We have not gone to 128 bits because there is a cost for doing so and we don't really need it. There's a whole bunch of reasons for the cost. At the hardware level we use parallel buses. That means that every bit gets it's own data line. If two wires touch then the computer stops working. If two wires even just get too close then there's crosstalk and your computer becomes unreliable. Routing all those wires across the motherboard to connect the CPU, memory, PCI buses, etc. becomes a problem the wider the bus is. An 8-bit bus is easy to design. 16 bits is also pretty easy. 32 bits starts to get troublesome. 64 bits is downright tricky. This is also a problem for chip design internally, for similar reasons.
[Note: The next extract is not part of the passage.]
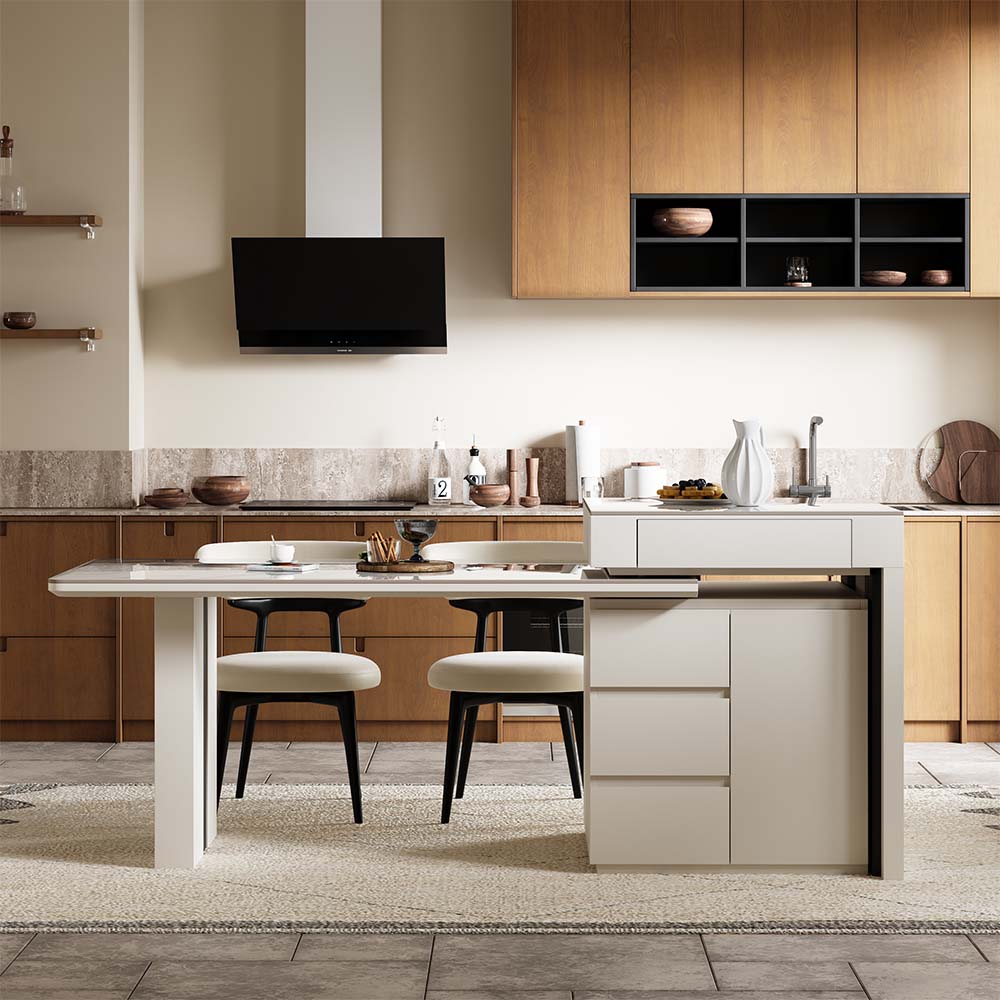 White Sintered Stone Kitchen Island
Ok, so why even go to 64 bits then? Well, with 32 bits you can only count to 4 billion. If you have a file that you want to reference a particular byte of data in then your file can only be 4 gigabytes in size. If you have memory addresses that you want to reference then you can only have 4GBytes of memory and still be able to reference each byte individually. Lots of people want to use files more than 4GB in size or have more than 4GB of memory in their computers. Yes, there's tricks like using two 32-bit registers to hold a single 64-bit number, but now things like your math libraries and other code at the software level get complicated and slow. Worst case they have to do twice as much work and run half as fast. It is worth it to go to 64 bit buses and let the hardware do most of the work, even though it makes the hardware a bit harder to design and more expensive to build.
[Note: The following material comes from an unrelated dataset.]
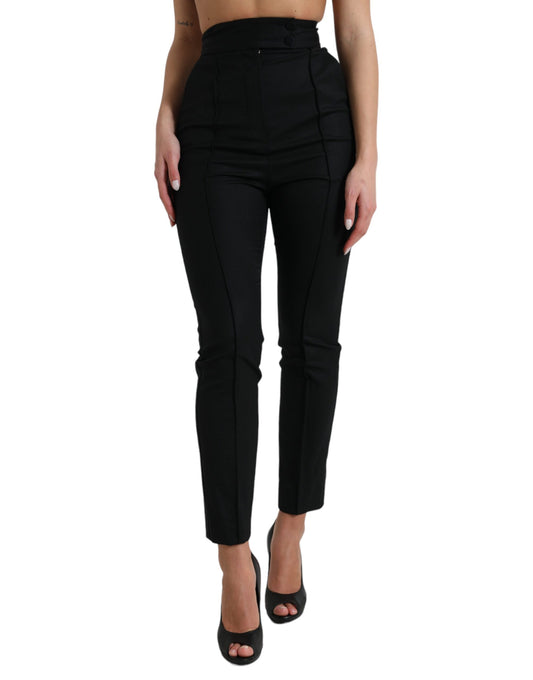 Dolce &amp; Gabbana Elegantes pantalones cónicos de lana con cintura alta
Going to 128 bits would make the hardware extremely hard to design and build, as well as expensive. At the same time going from 64 bits to 128 bits on address buses and integers doesn't buy you nearly the gains that going from 32 to 64 bits did. With 64 bits you can reference data in files that are up to 18,446,744,073,709,551,616 bytes in size, or individually address over 18 thousand terabytes of memory. Very few people have files that big or computers with that much memory. (yet.) Maybe we'll get there some day, but for now it isn't worth the costs.